Sıfırdan başlayıp oldukça zengin olmuş bir iş adamının bir tek kızı vardı. Evlilik çağına gelmiş kızına üç talip çıkmış, peşinde dolanıp duruyorlardı. Gözü gibi sevdiği kızını mutlu edecek ve kendisinden sonra, bir ömür harcayıp kurduğu, işletmenin başına geçecek uygun damadı seçmek kolay olmayacaktı. Bunun için adayların yeteneklerini ölçmeyi kararlaştırdı.

Onları çağırdı ve her birine 100er lira verdi. Akşama kadar bulundukları odayı tamamen dolduracak bir şey satın alıp getirmelerini istedi. 

Adayların üçü de kente gidip ellerindeki paralarla bir şeyler aldılar ve hava kararınca geri geldiler. Birinci genç odaya girdi. İki balya saman almıştı. Odanın ortasına yardımcılarını getirip bağlarını çözdüler. Samanları savurmaya başladılar. Bir anda odanın içi samanla dolmuştu. Ama babanın isteği yerine gelmemişti. Uçuşan samanlar bir süre sonra yere düşüyor ve oda yine boş kalıyordu.

İkinci adaya soruldu, sen parayı ne yaptın diye. O, iki çuval pamuk almış ve bir de hallaç getirmişti. Gösteri başladı. Atılan pamuklar havada uçuşuyor, ne çare odayı doldurmuyordu. Sonuç olumsuz sayıldı. Bütün gözler son adaya çevrildi.

Kayın pederin “parayı ne yaptın?” sorusuna yanıt “elli lirayı bir hayır kurumuna bağışladım. Kırk lirayla da yolda karşıma çıkan elbiseleri yıpranmış bir fakiri giydirdim ve karnını doyurdum. Geri kalan parayla da…” cebinden bir kutu kibrit ve bir mum çıkardı.

Herkes şaşırmış ne olacağını beklerken odanın lambası söndü ve karanlık çöktü. Bir kibrit çaktı, mum yandı. Oda mumun yaydığı ışıkla doldu. Gerisini anlatmaya gerek yok. Işığını yaymasını bilen, damatlığı hak etmişti.
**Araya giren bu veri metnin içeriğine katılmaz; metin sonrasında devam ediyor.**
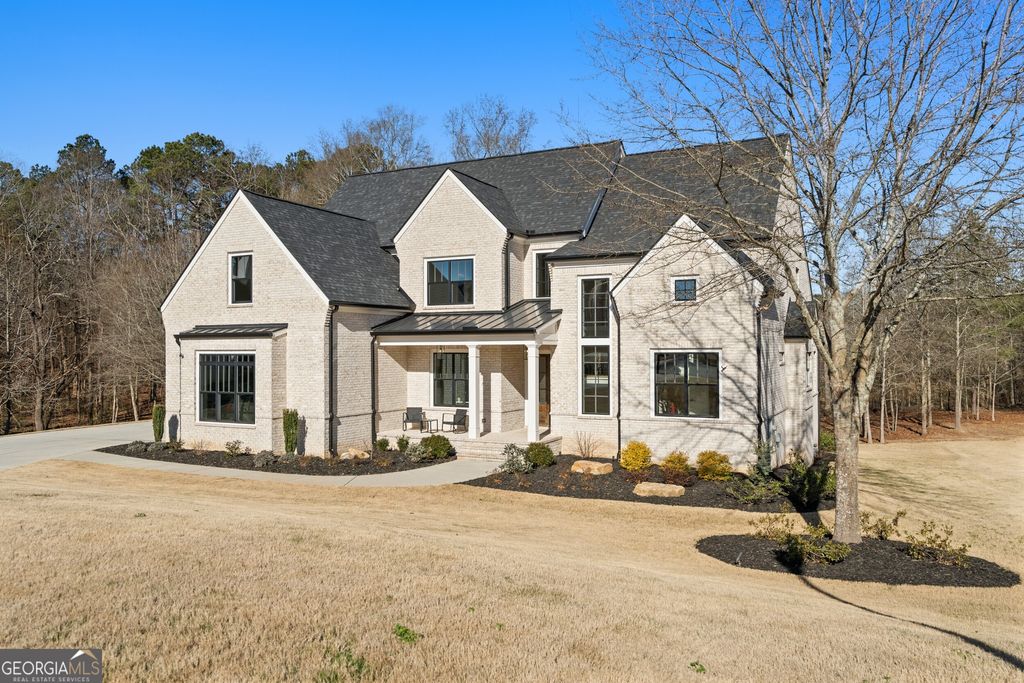 Photo of 568 Versailles Drive, Auburn, GA 30011 (MLS # 10677653)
Şimdikiler bilmez. Mesleğe başladığımız yıllarda öğretmenin sembolü yanan mumdu. Yakalarımıza o tür rozetler takardık. Oldukca anlamlı bir benzetme. Mum yandıkca etrafa ışık saçar ama bir taraftan da eriyip biter. Öğretmense çalıştığı sürece öğrencilerine bir şeyler vermek için didinir çırpınır, enerji harcayarak, bilgi saçar. Öte yandan da ömrünü tüketir.

Işık doğru kullanılırsa, yanıltıcı uygulamalara alet olmazsa yarar sağlar. Parlak, renkli ve güçlü spotlarla aydınlatışmış bir mağaza vitrininde sergilenen nesneler olduğundan çok daha güzel ve çekici bir şekilde alıcılara sunulur. İçeride doğal olmayan aydınlatmayla gözler perdelenir. Alışverişten eve dönen kişi “ ben bunu mu beğenmiştim?” diye adeta kuşkuya düşer. Pazarcılar kırmızı çadırları tercih ederler. Aynı renkteki meyve ve sebzeler daha canlı görünsün diye.
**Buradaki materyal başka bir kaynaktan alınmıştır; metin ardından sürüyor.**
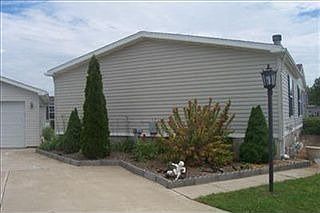 3rd image of 2633 Stoneyridge Dr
Işık yanlış kullanılırsa tehlike yaratabilir. Otomobilin önündeki far gece yolu aydınlatarak sürücünün güvenli yol almasını sağlar. Diğer yandan aynı güçlü ışık karşı yönden gelen bir başka sürücünün gözünü kamaştırarak görüşünü sıfıra düşürür. Kaza yapmasına yol açar. 

Ünlü düşünür Platon’un bir mağara örneklemesi vardır. İnsanları bir mağara içinde yaşadıkları varsayımından yola çıkarak, sırtları girişe ters yüzleri karşı duvara dönük oturur. Bu durumdaki insanlar, dışarıdaki nesnelerin duvara ışık yoluyla düşen gölgelerini görebilirler. Bu görüntüler gerçek değil, gerçeğin eni konu bozulmuş şekilleridir. Gerçeği görmek için akıl yolunu seçip baskıdan kurtularak, mağaranın girişine çeviren, ışığı doğru kullanmış olur yanılgıdan kurtulur. 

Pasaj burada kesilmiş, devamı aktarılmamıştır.